I apologized to the people and we moved on, Harlow covered in dry brush and pine needles. There was nothing that I could see that caused her to react to those dogs, and I watch. If we approach a dog and they are stiff-bodied, I move her along quickly with a cheery “OK let’s go!”, if they have relaxed body language and a tail wag, I walk a bit slower so they can “say hi”.

I read nothing in the body language of these dogs that tipped me off, and nothing in Harlow’s. From then on out, she lunged for every dog we crossed paths with. The second time it happened, I put her on a very short leash and forced her to stay right at my side. She was grounded from meeting her friends for the duration.

I wonder if a different human could make a better life for her.

We arrived home and I took her into the backyard and gently brushed out all the pine needles. A lot of fur came with them. Not something she has much of to spare.

She never eats all her food for a day. For her size, she should be eating a bit more than 3.5 cups of food every day. I’m lucky if she eats breakfast by dinner time. Thankfully, she is good about eating the ball of wet food which contains her meds, but the kibble is of no interest to her. Sometimes I’ll crush up a treat that is safe for her to eat into her kibble. It works for a meal or two then she loses interest again.

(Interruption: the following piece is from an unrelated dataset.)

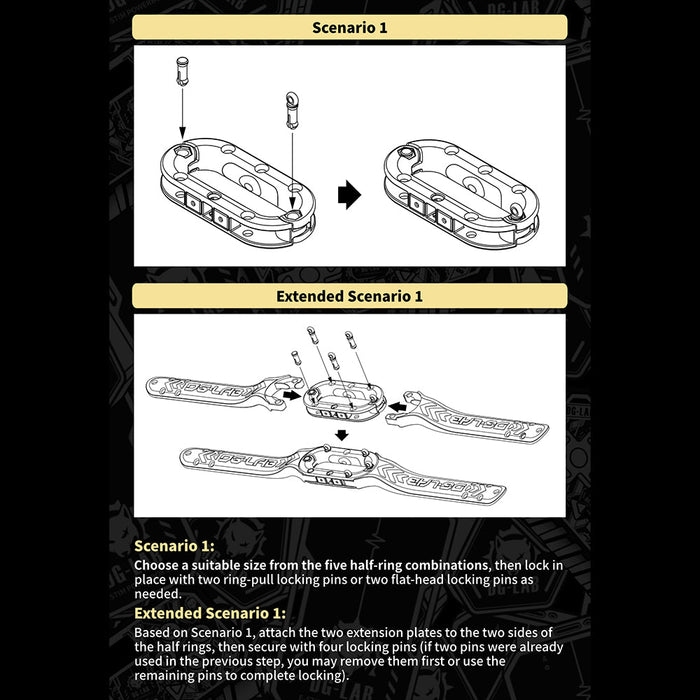 Dungeon Lab Hyena Posture Trainer - E-stim Humbler-Erotiekvoordeel.nl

Last week I took her to the vet because she had skin issues again. He confirmed that she had another skin infection, likely from a food allergy, put her on antibiotics (second time in six months) and had me start to phase her over into prescription food and treats. It’s specially formulated for dogs with IBD.

Anyway, this is a ramble post. Harlow is laying on the couch next to me, her stomach audibly grumbling her legs twitching through a dream. Is she hungry? Is her stomach upset from what she did actually eat today? Is it just normal? I often wonder if she just lives with chronic pain from the IBD and simply adapted to it as her normal. I hate the thought of that.

I just know that today I feel bad for her. That maybe she got a human who isn’t the best human for her. And here she is, coming up on ten years old, stuck with me.